## WORK TO COMPLETE
Going from the line that contains "Welcome to PhoneSavvy.com" through the last line of the records, set down each line again exactly, both included, with pictures left out.

## DATA TO EXAMINE

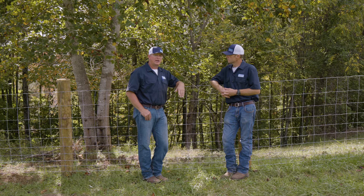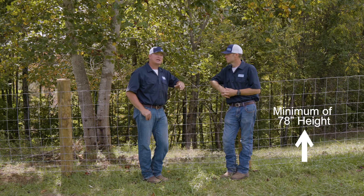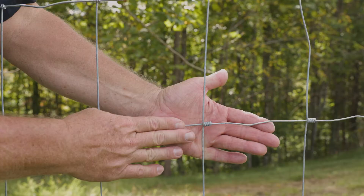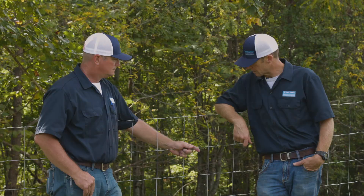The minimum that people should use to try to exclude deer is a 78-inch fence. It's the old 1478 hinge joint style game fence. This is a shorter version but it's an old wrap style, and it does okay — it's not quite as good as the 2096, but that old hinge joint game fence does okay as well.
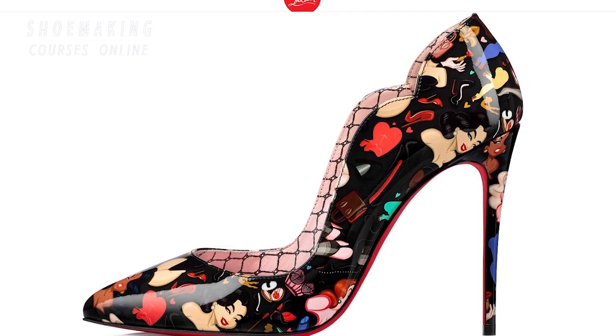How do they make such a beautiful curved line of the upper in Louboutin shoes? Would you like to know how? There are many things involved in making these Louboutin shoes, from quality materials to great craftsmanship, sewing, lasting, and pattern making.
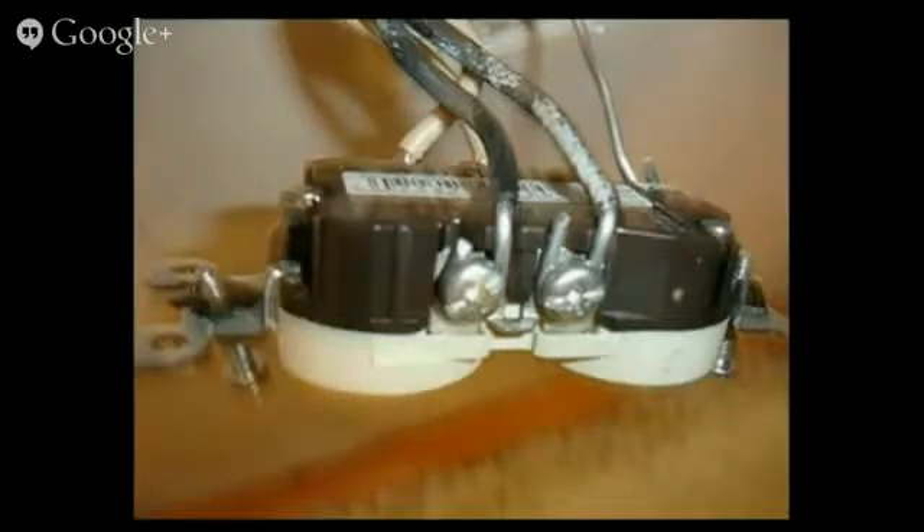The way to tell is if you have a rubber jacket — here we can see our black and white wires, rubber jacketed — and we also look at the time frame of the house. This is from a 70s house, and if you look at the cut tips of the wire, you can see that it's aluminum all the way through.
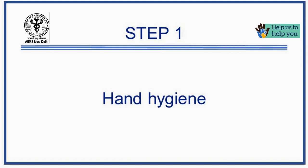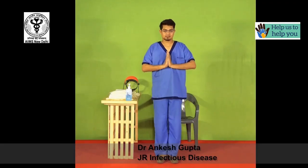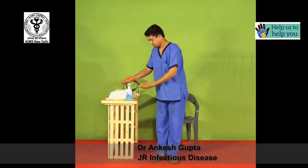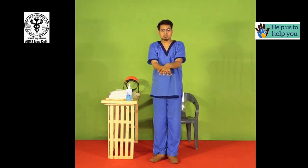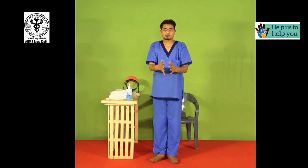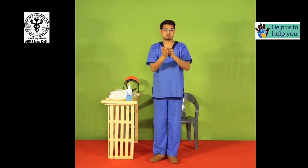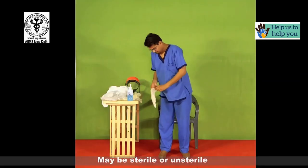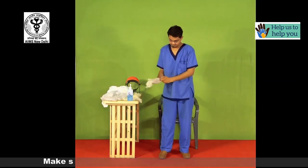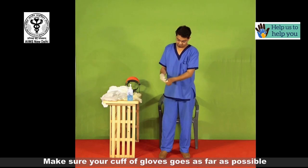First, perform hand hygiene. Wear the first pair of gloves, which may be sterile or unsterile. Make sure that the cuff of the glove goes as far as possible.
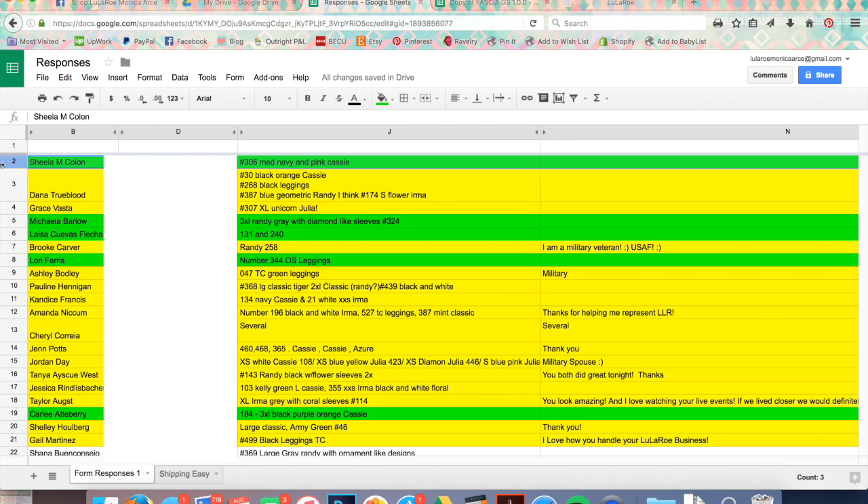Once I've highlighted someone green, I have a section of my room with bins for invoices that I've sent. I put items in bins with little post-it notes — for example, 'Sheila, 306 medium Cassie.' Once she's paid, I move that bin to a different section of the room so I know it's okay to ship. I keep paid and unpaid items separate.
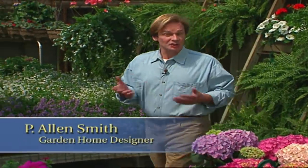Hi, I'm Alan Smith. Welcome to The Garden Home, a show about garden design and ways to blur the lines between inside and outside. In today's show, we're going to take a look at some ideas that will help you achieve the concept of the garden home wherever you live.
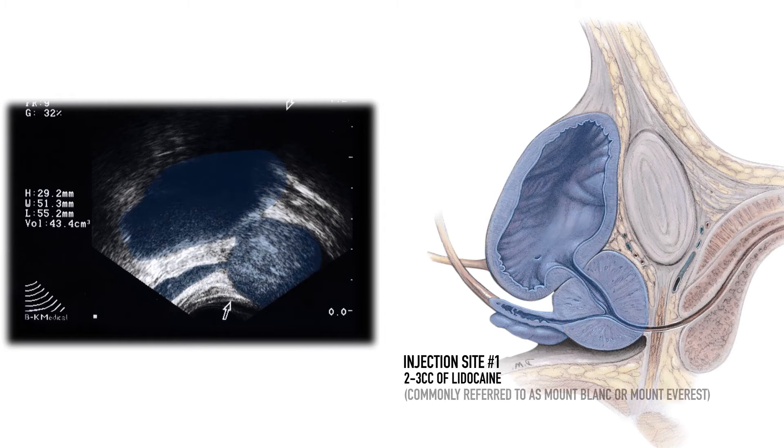My first injection site is located here. This site is commonly termed Mount Blanc or Mount Everest, and refers to the hyperechoic notch between the prostate and the seminal vesicles, created by the fat between the rectum and the seminal vesicle. I will be injecting 2 or 3 cc's in this area.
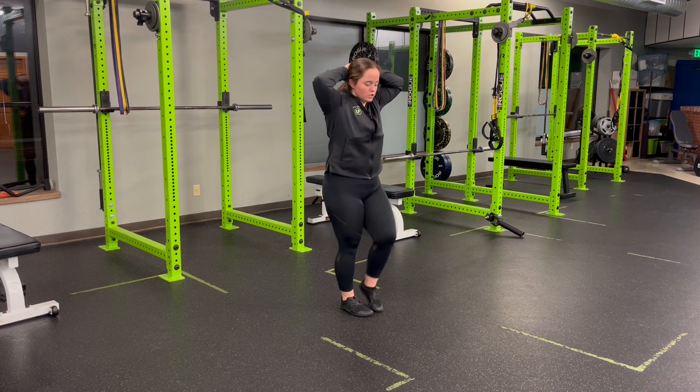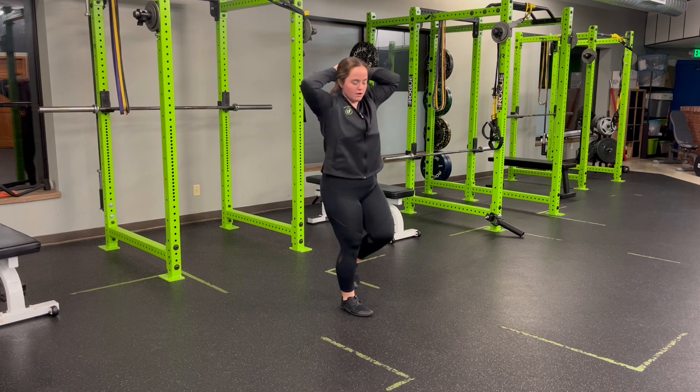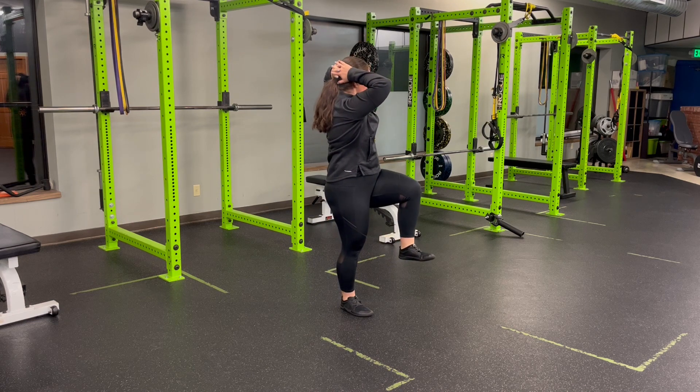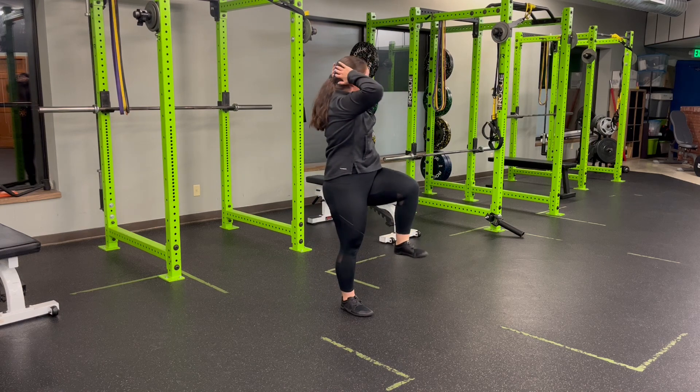I'm going to first perform my reverse lunge, taking that step back, turning my chest over my knee — not my elbow. I'm going to come straight from there into my high knee, staying on one side, turning through and back over.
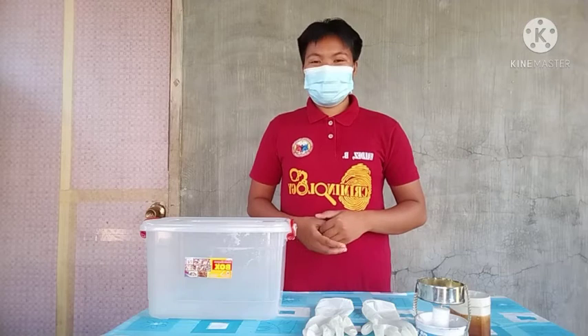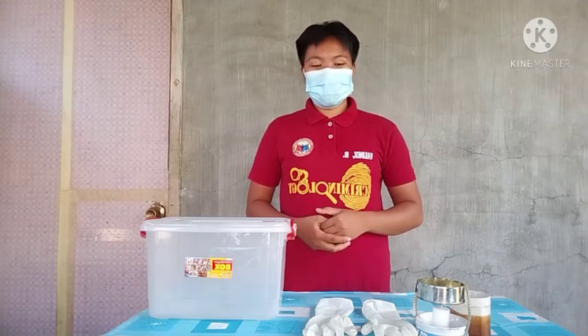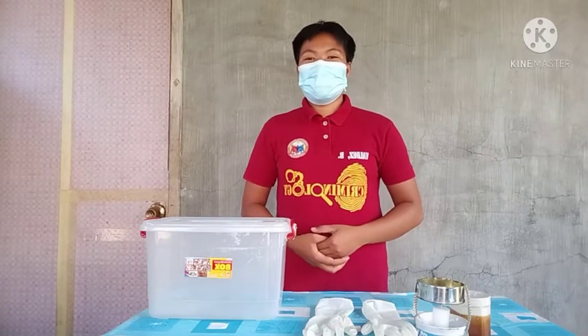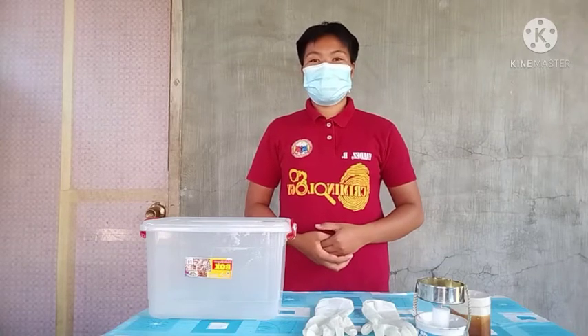Good day everyone. I'm Baby Rose Valdez from BS Cream 2-1, and today I will demonstrate how to develop a latent print using the cyanogas treatment method and the fuming box method.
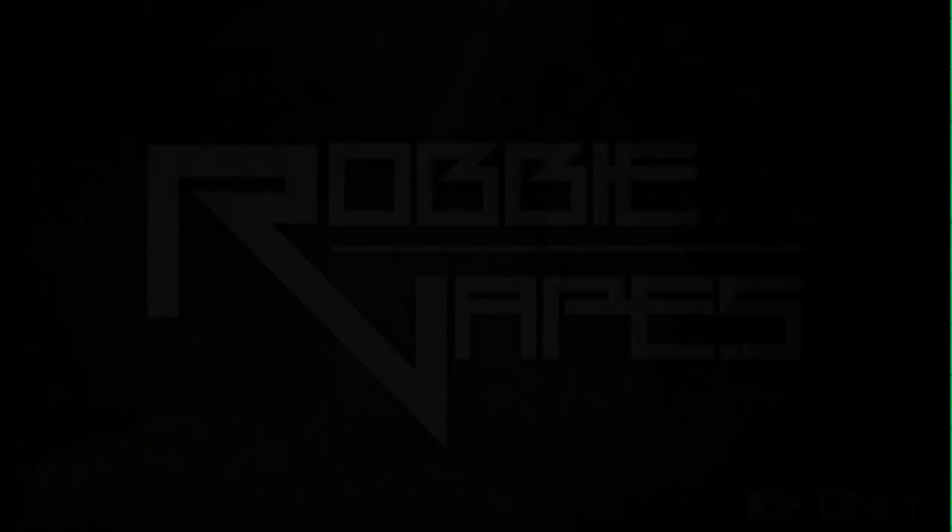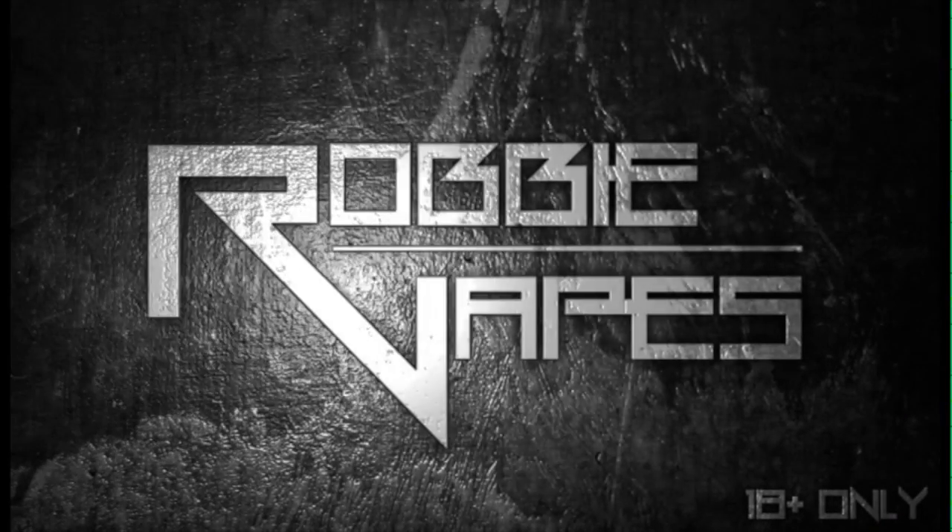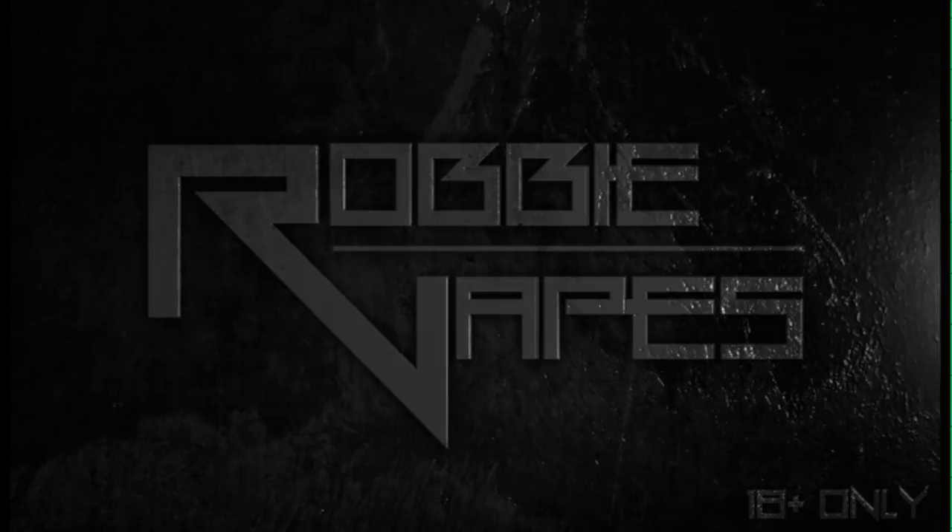What's up YouTube, Robby Vapes back again and today we got ourselves another juice review courtesy of Redux Vapors. Stay tuned — today we have another juice coming at you guys courtesy of Redux Vapors here in Calgary. Local shop, go check them out, they have a website online as well: redxvapors.com — I'll have a link in the description.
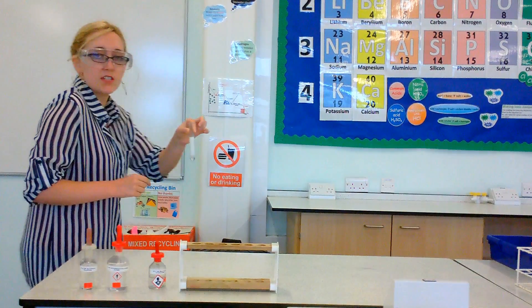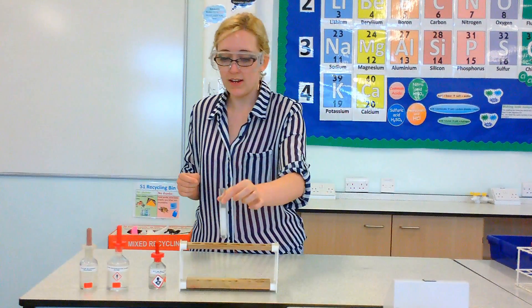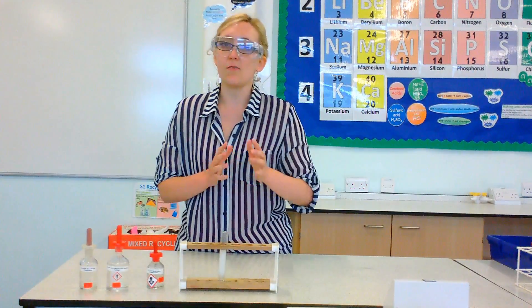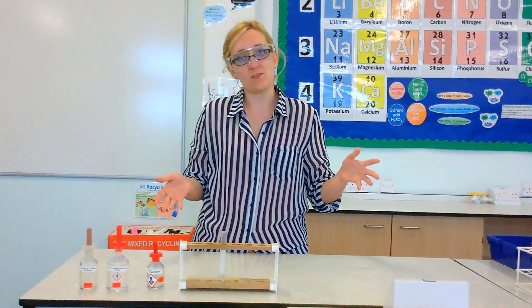So the positive result for sulfate is that if you add hydrochloric acid and then some barium chloride, you will see a white precipitate. Thank you for watching.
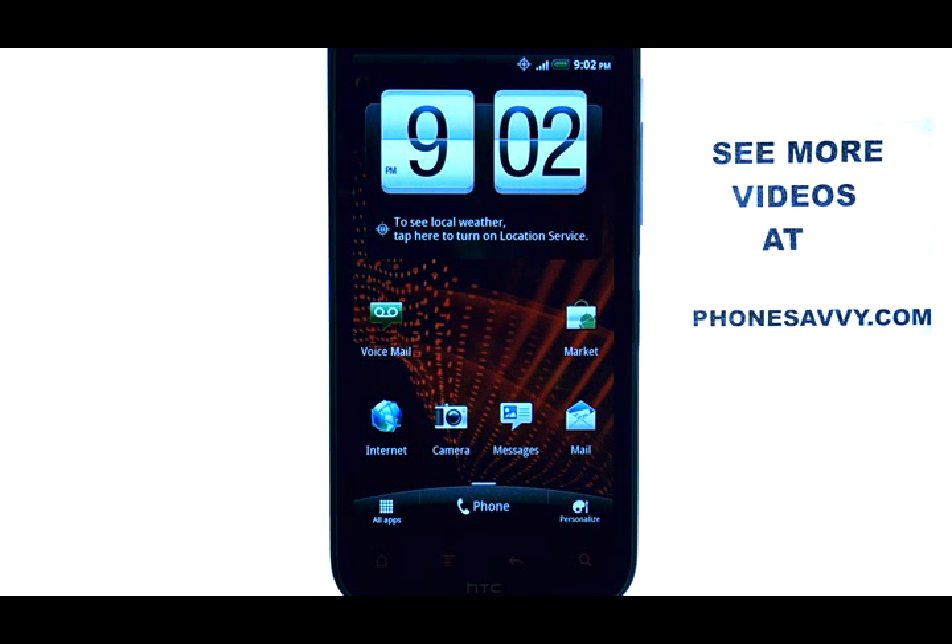Welcome to PhoneSavvy.com smartphone training videos. To connect your HTC ReSound to a Wi-Fi hotspot that you are currently in, from your home screen select the menu button located here at the bottom of your phone.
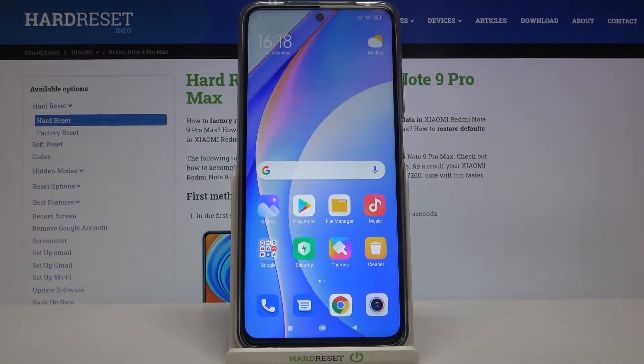Here I have Xiaomi Redmi Note 9 Pro Max and today I'm going to show you how to enter fast boot mode on this device.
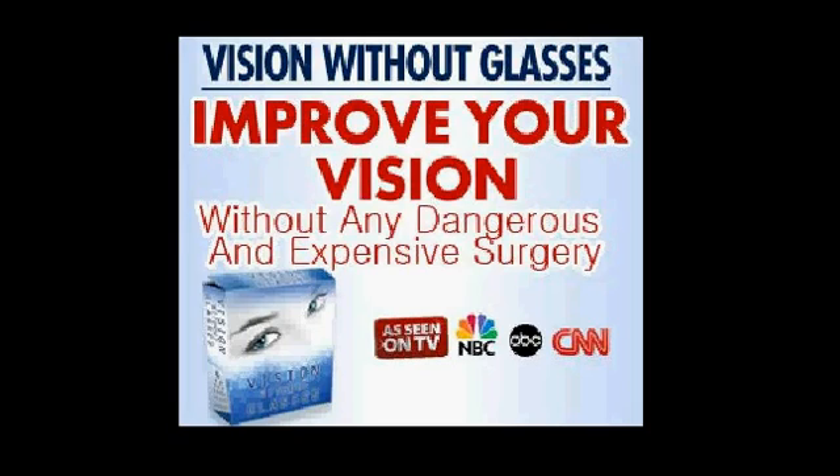Strabismus: the hidden danger of glasses and how an ex-optometrist discovered the secret to restore near perfect 20-20 vision naturally.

## THE COMPLETED TASK
Welcome to PhoneSavvy.com smartphone training videos. To connect your HTC ReSound to a Wi-Fi hotspot that you are currently in, from your home screen select the menu button located here at the bottom of your phone.
Here I have Xiaomi Redmi Note 9 Pro Max and today I'm going to show you how to enter fast boot mode on this device.
Strabismus: the hidden danger of glasses and how an ex-optometrist discovered the secret to restore near perfect 20-20 vision naturally.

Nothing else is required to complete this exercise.